Interestingly, it works in 3.1, but would like to also get it working in 2.6.
Thanks in advance,
--Matt
import io
import shutil
import tempfile
import zipfile
with tempfile.TemporaryFile() as f:
# (Real code retrieves archive via urllib2.urlopen().)
zip = zipfile.ZipFile(f, mode='w')
zip.writestr('unknowndir/src.txt', 'Hello, world!')
zip.close();
# (Pretend we just downloaded the zip file.)
f.seek(0)
# Result of urlopen() is not seekable, but ZipFile requires a
# seekable file. Work around this by copying the file into a
# memory stream.
with io.BytesIO() as memio:
shutil.copyfileobj(f, memio)
zip = zipfile.ZipFile(file=memio)
# Can't use zip.extract(), because I want to ignore paths
# within archive.
src = zip.open('unknowndir/src.txt')
with open('dst.txt', mode='wb') as dst:
shutil.copyfileobj(src, dst)
The last line throws an Error:
Traceback (most recent call last):
File "test.py", line 25, in <module>
shutil.copyfileobj(src, dst)
File "C:\Python26\lib\shutil.py", line 27, in copyfileobj
buf = fsrc.read(length)
File "C:\Python26\lib\zipfile.py", line 594, in read
bytes = self.fileobj.read(bytesToRead)
TypeError: integer argument expected, got 'long'
> with io.BytesIO() as memio:
> shutil.copyfileobj(f, memio)
> zip = zipfile.ZipFile(file=memio)
> # Can't use zip.extract(), because I want to ignore paths
> # within archive.
> src = zip.open('unknowndir/src.txt')
> with open('dst.txt', mode='wb') as dst:
> shutil.copyfileobj(src, dst)
>
>
> The last line throws an Error:
>
>
> Traceback (most recent call last):
> File "test.py", line 25, in <module>
> shutil.copyfileobj(src, dst)
> File "C:\Python26\lib\shutil.py", line 27, in copyfileobj
> buf = fsrc.read(length)
> File "C:\Python26\lib\zipfile.py", line 594, in read
> bytes = self.fileobj.read(bytesToRead)
> TypeError: integer argument expected, got 'long'
Try adding a length parameter to the copyfileobj call, so the copy is done
in small enough chunks.
--
Gabriel Genellina
Hmmm...tried a variety of lengths (512, 1024, etc.) with no luck. Maybe this is a good opportunity for me to learn some Python debugging tools.
Thanks!
--Matt
It should hopefully work if you use cStringIO/StringIO instead of
BytesIO.
I think the issue is essentially that StringIO.read() will accept a
long object while the backport of bytesio to to 2.6 does an explicit
check for int:
py> StringIO.StringIO("foo").read(long(1))
'f'
py> io.BytesIO("foo").read(long(1))
Traceback (most recent call last):
File "<stdin>", line 1, in <module>
TypeError: integer argument expected, got 'long'
Should this be amended? Perhaps someone on core can consider it.

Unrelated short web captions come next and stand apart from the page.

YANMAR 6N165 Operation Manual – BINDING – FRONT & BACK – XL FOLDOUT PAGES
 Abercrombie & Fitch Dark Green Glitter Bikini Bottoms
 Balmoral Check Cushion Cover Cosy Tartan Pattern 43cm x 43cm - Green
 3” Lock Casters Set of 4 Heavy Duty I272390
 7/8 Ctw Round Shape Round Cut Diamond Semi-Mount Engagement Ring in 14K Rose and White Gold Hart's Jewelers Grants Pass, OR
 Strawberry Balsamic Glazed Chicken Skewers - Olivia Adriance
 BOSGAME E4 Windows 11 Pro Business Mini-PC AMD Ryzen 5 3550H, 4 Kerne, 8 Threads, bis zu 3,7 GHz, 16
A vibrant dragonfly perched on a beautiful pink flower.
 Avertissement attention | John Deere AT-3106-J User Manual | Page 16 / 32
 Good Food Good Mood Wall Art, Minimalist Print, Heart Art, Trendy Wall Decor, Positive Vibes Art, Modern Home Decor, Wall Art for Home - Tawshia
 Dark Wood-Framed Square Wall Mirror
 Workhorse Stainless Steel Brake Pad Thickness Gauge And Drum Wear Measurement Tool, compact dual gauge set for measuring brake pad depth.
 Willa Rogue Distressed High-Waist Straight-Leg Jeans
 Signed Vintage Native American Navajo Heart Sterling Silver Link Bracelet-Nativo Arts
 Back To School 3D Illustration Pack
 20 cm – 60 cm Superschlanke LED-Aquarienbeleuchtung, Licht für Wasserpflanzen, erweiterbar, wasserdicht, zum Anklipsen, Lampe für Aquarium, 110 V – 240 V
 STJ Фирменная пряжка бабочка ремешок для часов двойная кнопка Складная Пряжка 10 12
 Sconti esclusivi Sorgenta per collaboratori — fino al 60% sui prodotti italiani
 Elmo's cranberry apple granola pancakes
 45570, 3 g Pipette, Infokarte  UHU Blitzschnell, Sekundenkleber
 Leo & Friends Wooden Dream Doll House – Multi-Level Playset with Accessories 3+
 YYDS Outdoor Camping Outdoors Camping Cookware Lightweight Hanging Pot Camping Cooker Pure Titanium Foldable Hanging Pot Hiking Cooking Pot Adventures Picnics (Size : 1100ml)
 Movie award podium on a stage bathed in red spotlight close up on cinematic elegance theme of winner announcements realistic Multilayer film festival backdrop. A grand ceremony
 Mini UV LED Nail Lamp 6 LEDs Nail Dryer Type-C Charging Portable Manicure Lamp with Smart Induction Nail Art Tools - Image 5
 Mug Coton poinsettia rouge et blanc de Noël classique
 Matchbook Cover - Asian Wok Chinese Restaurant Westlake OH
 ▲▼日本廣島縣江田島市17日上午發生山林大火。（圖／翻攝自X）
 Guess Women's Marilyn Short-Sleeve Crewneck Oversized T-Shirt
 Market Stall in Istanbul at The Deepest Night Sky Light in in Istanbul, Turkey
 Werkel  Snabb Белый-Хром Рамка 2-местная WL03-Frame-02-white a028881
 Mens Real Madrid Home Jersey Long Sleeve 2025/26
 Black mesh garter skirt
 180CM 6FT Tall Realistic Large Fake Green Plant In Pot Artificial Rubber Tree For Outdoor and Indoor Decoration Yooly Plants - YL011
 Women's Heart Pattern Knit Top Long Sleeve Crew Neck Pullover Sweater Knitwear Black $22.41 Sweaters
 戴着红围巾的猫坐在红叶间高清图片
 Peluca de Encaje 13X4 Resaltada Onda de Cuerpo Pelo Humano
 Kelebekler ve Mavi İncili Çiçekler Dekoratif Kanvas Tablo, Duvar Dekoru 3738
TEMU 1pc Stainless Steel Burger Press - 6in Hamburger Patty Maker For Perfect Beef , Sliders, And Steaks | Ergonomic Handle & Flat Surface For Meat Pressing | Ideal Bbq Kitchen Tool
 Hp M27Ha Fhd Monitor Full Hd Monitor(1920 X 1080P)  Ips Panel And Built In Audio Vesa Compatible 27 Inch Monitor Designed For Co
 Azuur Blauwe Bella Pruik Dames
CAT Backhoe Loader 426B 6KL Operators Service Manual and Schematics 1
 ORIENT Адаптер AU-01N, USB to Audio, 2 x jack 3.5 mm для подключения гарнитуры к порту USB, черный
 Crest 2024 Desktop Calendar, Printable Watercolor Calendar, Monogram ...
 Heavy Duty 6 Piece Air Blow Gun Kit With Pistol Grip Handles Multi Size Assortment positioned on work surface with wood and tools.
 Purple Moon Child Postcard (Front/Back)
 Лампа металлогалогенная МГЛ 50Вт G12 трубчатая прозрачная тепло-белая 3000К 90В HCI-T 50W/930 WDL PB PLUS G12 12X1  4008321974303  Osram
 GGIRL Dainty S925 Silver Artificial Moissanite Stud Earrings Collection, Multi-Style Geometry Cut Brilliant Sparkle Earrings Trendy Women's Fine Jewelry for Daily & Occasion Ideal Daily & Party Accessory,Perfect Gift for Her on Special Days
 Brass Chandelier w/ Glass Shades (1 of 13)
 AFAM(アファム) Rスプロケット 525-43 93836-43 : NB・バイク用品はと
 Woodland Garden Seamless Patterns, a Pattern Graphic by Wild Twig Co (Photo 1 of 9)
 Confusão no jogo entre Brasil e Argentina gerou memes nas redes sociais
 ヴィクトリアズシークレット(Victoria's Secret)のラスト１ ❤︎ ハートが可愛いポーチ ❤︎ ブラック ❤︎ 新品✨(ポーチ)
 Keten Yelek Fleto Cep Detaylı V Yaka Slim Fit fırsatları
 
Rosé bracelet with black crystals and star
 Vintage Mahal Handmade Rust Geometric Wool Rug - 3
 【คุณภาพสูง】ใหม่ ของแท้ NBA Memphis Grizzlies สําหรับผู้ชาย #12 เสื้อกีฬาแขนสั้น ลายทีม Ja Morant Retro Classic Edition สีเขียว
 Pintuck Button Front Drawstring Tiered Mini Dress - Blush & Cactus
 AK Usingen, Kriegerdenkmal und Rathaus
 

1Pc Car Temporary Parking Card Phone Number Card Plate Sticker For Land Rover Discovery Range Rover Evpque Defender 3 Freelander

As for why the bytesToRead calculation in ZipExtFile.read() results in
a long, I've not yet looked at it closely.
Simple, actually:
In ZipExtFile.__init__():
self.bytes_read = 0L
In ZipExitFile.read():
bytesToRead = self.compress_size - self.bytes_read
13 - 0L == 13L
It does! Excellent! You've saved me the trouble of a weekend debug session.
--Matt